--- What the task requires ---
When you reach the line that contains "Lullal Fashion Lu-Vi bags - 11299", begin copying exactly and continue through the last line below. Do not copy pictures.

--- Records shown ---
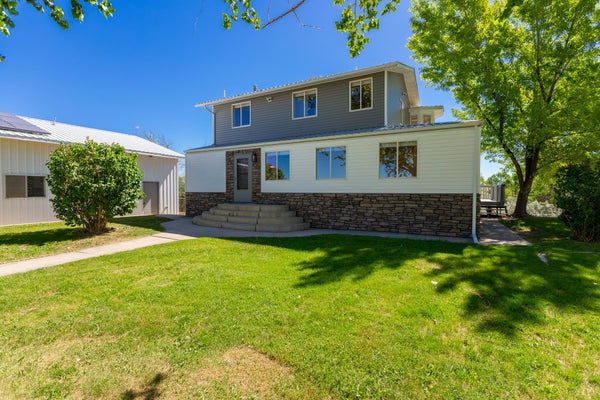 1726 O RD, FRUITA, CO 81521 - Image e40e7e949b2076af27be0c9d32d2f6f2/1875669133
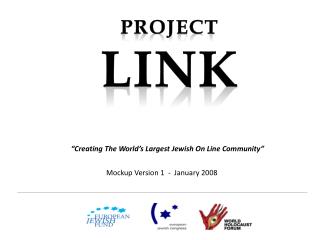 Project LINK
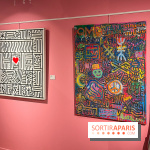 Le Bouillon des Kids - nos photos - image00021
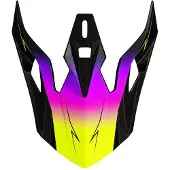 Shot Pulse X-trem Junior Visiiri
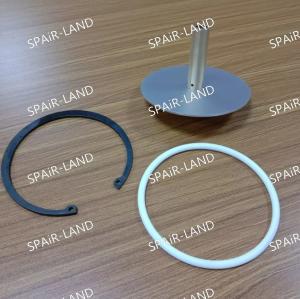 Wholesale Intake Valve Maintenance Kit 88298004-131 Sullair Can Use High Quality Hot Selling Low-cost Accessories from china suppliers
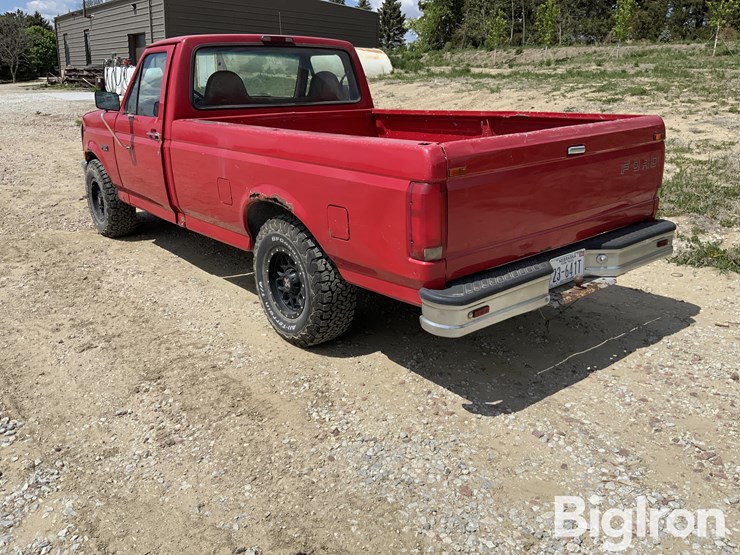 1996-ford-f150-image-7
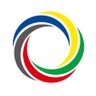 terra_ngo's profile picture. アジア・アフリカ・ウクライナで紛争の被害を受けた人々の自立支援や、国内外での平和教育、政策提言に取り組む国際協力NPO。コンゴ東部で活動するほぼ唯一の日本のNGOです。
★マンスリー会員お申込 https://t.co/uDdEmL2osK
✉️ご連絡はHPより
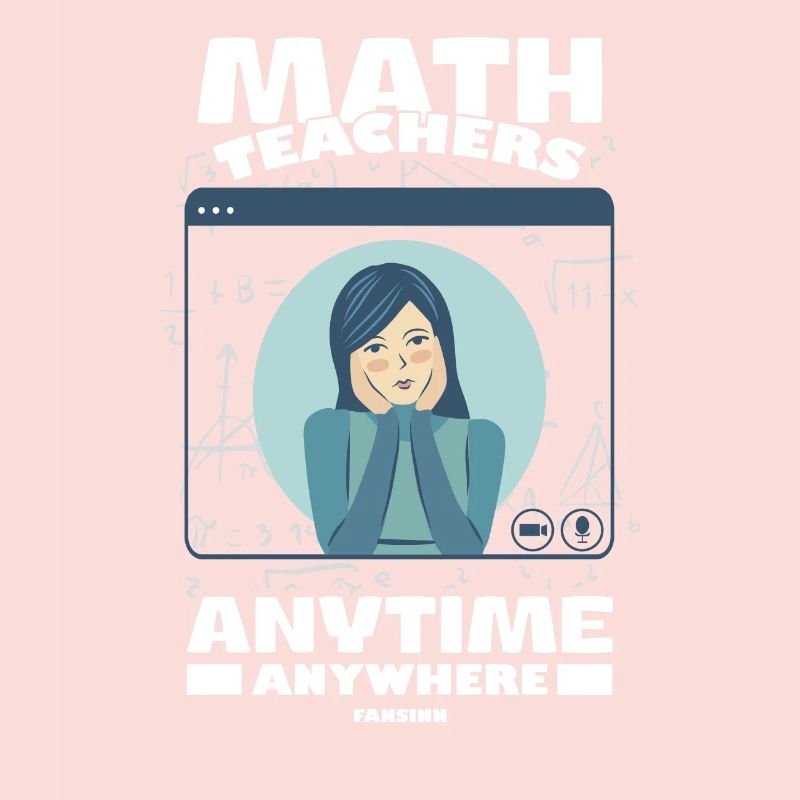Mathematics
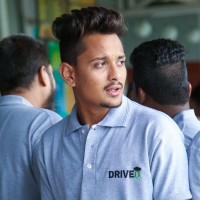 Dipesh Jadhav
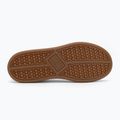 Pantofi damă Tommy Jeans Archive Court ivory/black 4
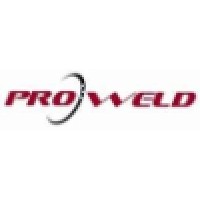 Pro-Weld logo, Pro-Weld contact details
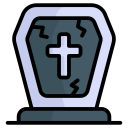 cruz icon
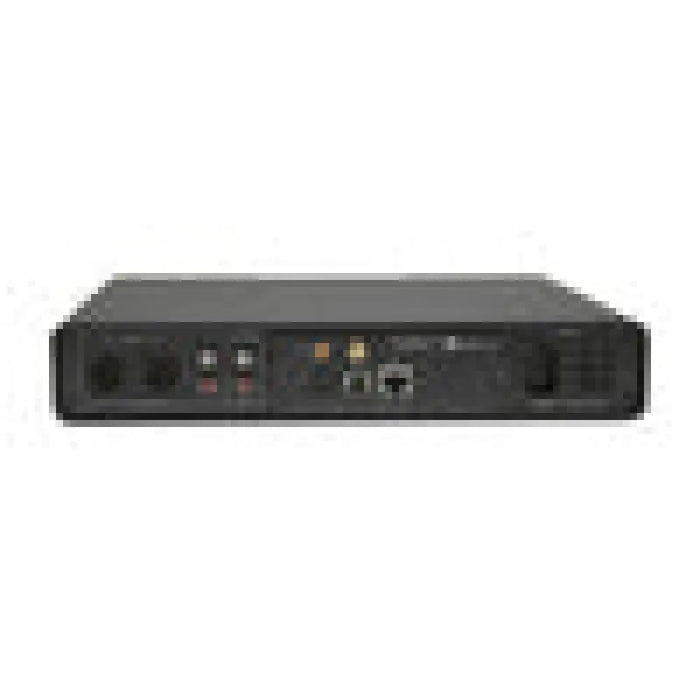 HiFiMAN Serenade без BT усилвател за слушалки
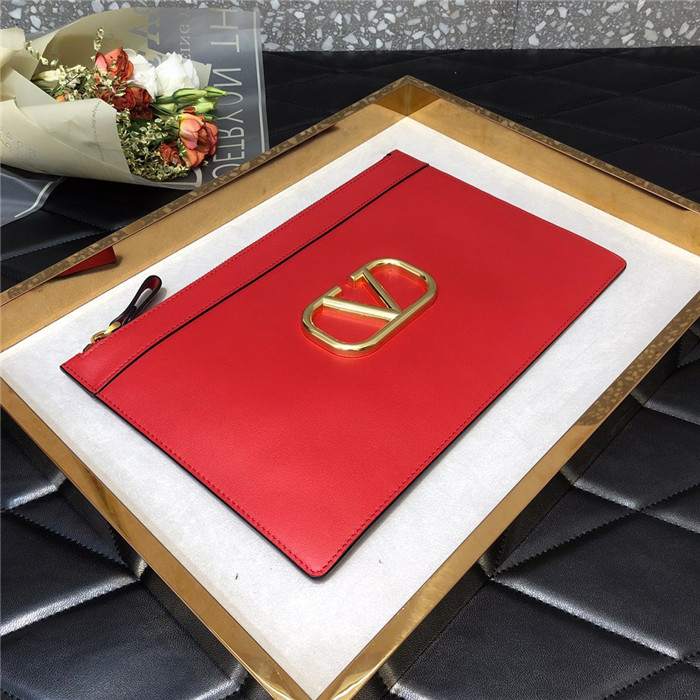 발렌티노 클러치 V0269-2 2020/신상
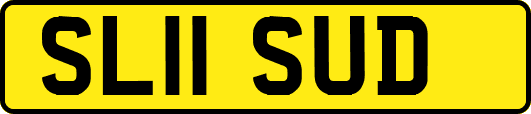 SL11SUD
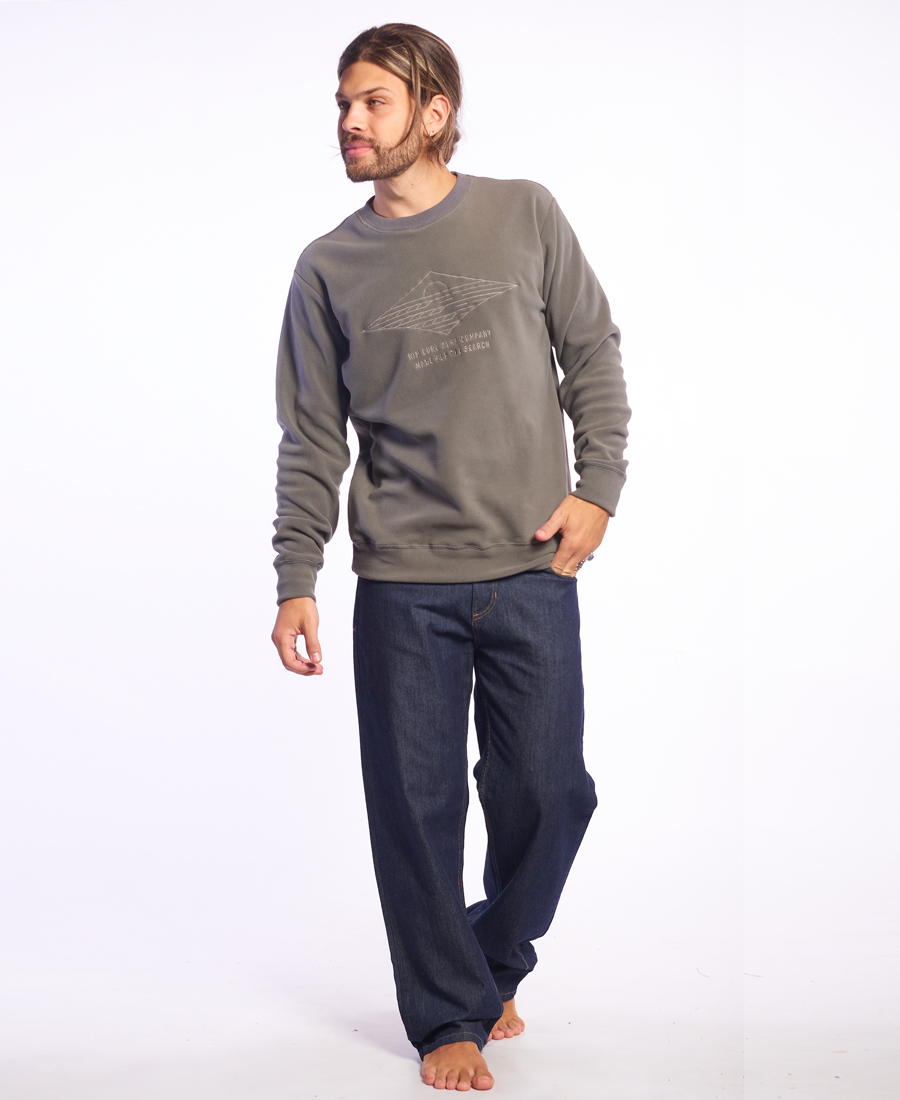 Polar Rip Curl Embroidery - Imagen 4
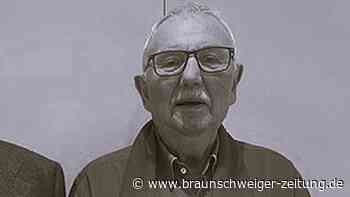 Ein Leben für den Amateursport: Werner Kison im Alter von 81 Jahren gestorben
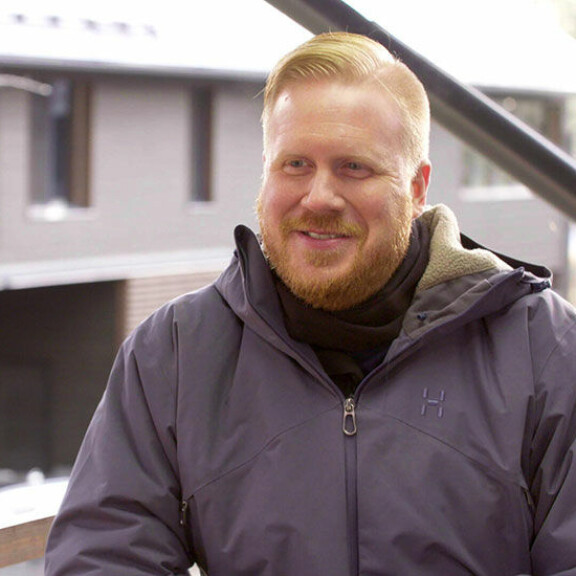 Perheestä haaveilevan Maajussi-Matthew’n morsianehdokas pudottaa pommin ryhmätreffeillä: ”Se ei ole reilua ketään kohtaan” Maajussi-Matthew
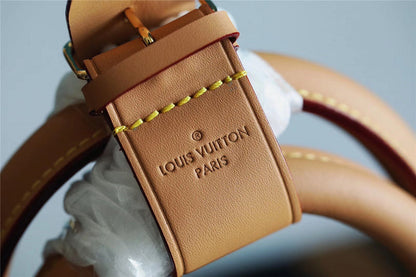 Lullal Fashion Lu-Vi bags - 11299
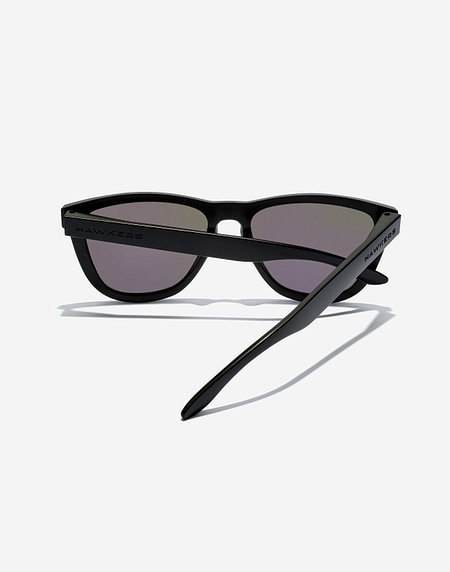 Gafas de sol Hawkers ONE RAW - BLACK EMERALD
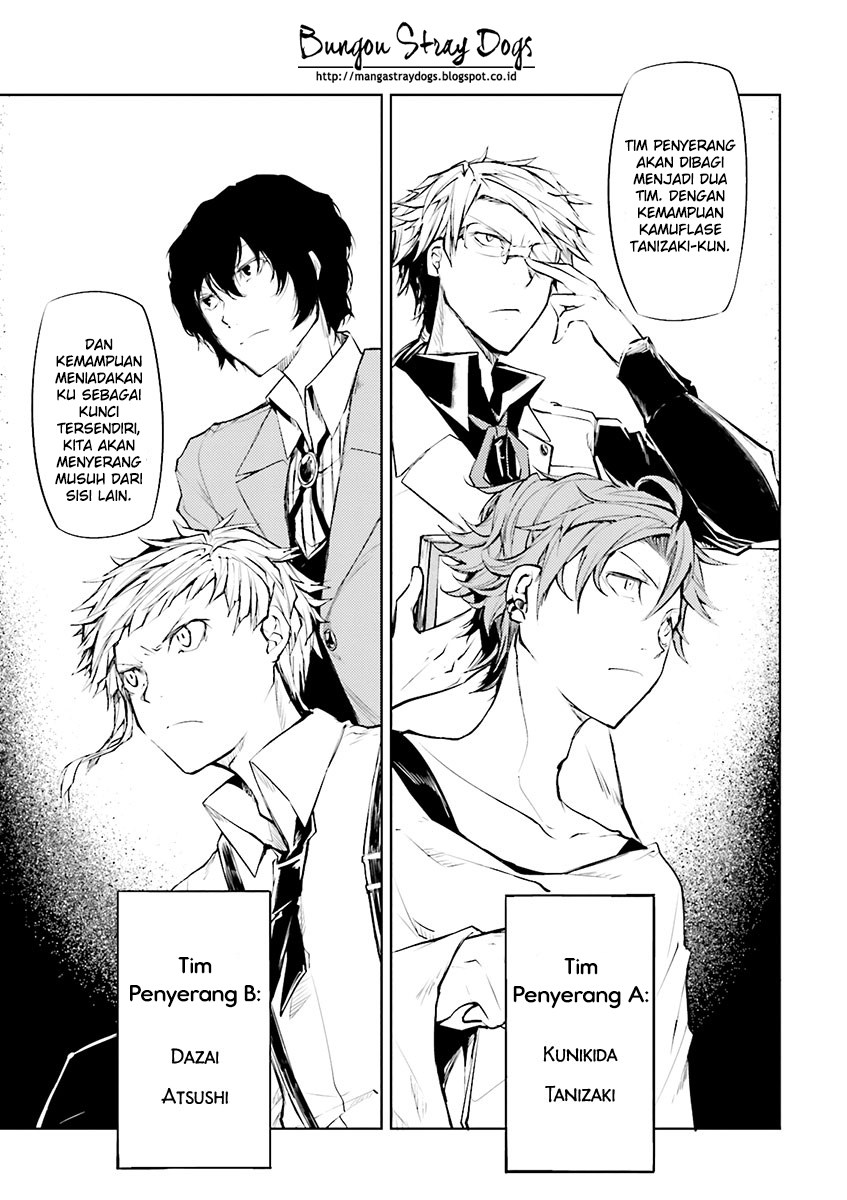 Chapter 19 - halaman 39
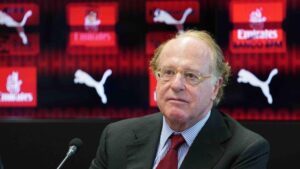 san-siro-paolo-scaroni-il-calcio-in-europa-e-vincere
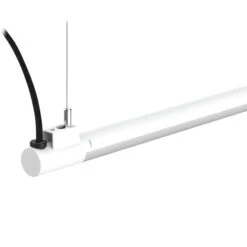 Feit Electric LED Utility Light (74067) 6 Feit Electric LED Utility Light (74067) -Light Bulbs Shop 74067md
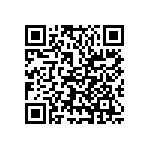 VJ1808A390JBHAT4X QRCode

--- Worked solution ---
 Lullal Fashion Lu-Vi bags - 11299
 Gafas de sol Hawkers ONE RAW - BLACK EMERALD
 Chapter 19 - halaman 39
 san-siro-paolo-scaroni-il-calcio-in-europa-e-vincere
 Feit Electric LED Utility Light (74067) 6 Feit Electric LED Utility Light (74067) -Light Bulbs Shop 74067md
 VJ1808A390JBHAT4X QRCode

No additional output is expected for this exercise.